Effective communication is not something that has come easily to me. I suppose that if I had been especially capable in interpersonal communication from my childhood on, I would never have studied it so tenaciously. It was because communication was a problem for me that I researched it, tried out what I learned, taught it, and wrote about it.
I feel better qualified to teach these skills precisely because they do not come easily for me. I have struggled through many of the same impasses that block the typical learner from developing more fruitful ways of relating. Perhaps because of some of these initial deficits I can help you to overcome many of the pitfalls to learning and using these skills.
The writing of this book has gone on amidst the absorbing and incessant demands of managing a consulting firm. There are undoubtedly many advantages to writing in an unhurried, undemanding schedule. The daily pressure of an active business and teaching life, however, may be more of an advantage than a disadvantage. The skills have been used and tested daily in the hurly-burly of life as the book was written over a six-year period.

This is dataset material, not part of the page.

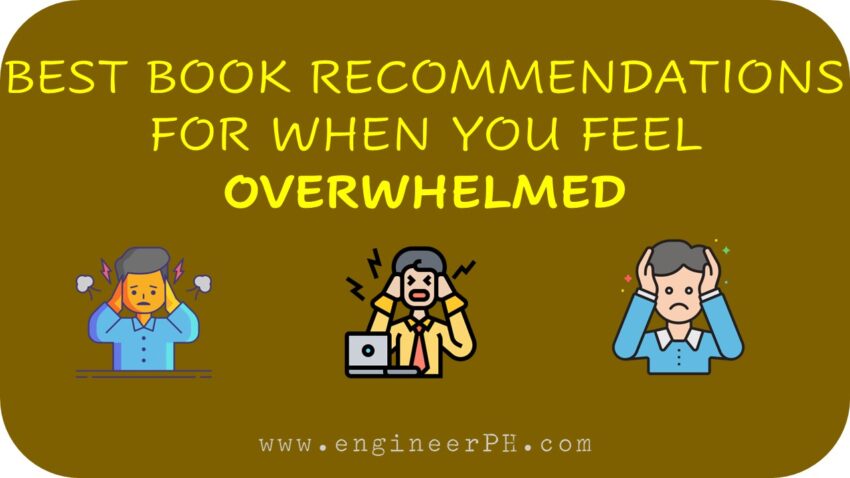 BEST BOOK RECOMMENDATIONS FOR WHEN YOU FEEL OVERWHELMED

I write these pages with confidence that they will be of great benefit to the reader who applies them. Several thousand copies of earlier editions have been read by participants of our Communication Skills workshops. Literally hundreds who have read early editions of this book have written to say that these approaches to interpersonal relationships have worked for them and have greatly enriched their lives. Many say the book not only changed their ideas about human interaction, but it also helped them change their behaviors and enhance their relationships. This expanded volume should be even more useful.

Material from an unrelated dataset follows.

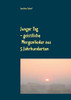 Junger Tag: 510 geistliche Morgenlieder und -gedichte aus 5 Jahrhunderten (German Edition)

This book, which began as a journey into myself and a study of how my interactions with people could be improved, was nourished by the thinking, research, teaching, and writing of Thomas Gordon, Carl Rogers, Allen Ivey, Gerard Egan, and Robert Carkhuff. The references in the “Notes” section indicate many of the other authors who have contributed to my understanding of interpersonal communication. Sometimes, when I am reading, the way a person has phrased his truth is as important to me as the truth itself. The wording is like a powerful painting that I would like to put on the wall. I want to share the statement with other people, not just for its truth, but also because the way it is worded somehow has a special meaning for me. So, sprinkled throughout these pages, you will find many quotations that resonate with my experience, taste, and values.

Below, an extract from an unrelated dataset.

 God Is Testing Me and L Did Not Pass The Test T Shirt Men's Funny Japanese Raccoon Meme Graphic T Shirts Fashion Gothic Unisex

The concepts in this book have been discussed at length with colleagues at Ridge Consultants, especially Dot Bolton and Ed Lisbe. Their thinking and phrasing have contributed much to the book.
Special thanks too are due to the students in our communication-skills workshops who have contributed to my understanding. They have come from all walks of life: managers, salespeople, secretaries, teachers, health-care professionals, customer-relations personnel, construction workers, supervisors, psychologists, lawyers, members of the clergy, and many others. As they struggled to develop their communication skills, I found easier ways to teach these methods. As participants wrestled to apply the skills to particular situations, I discovered inadequacies in the theory and methods and was able to develop more helpful constructs. Many of the examples in the book come from their experiences. Names and some details have been disguised to preserve anonymity.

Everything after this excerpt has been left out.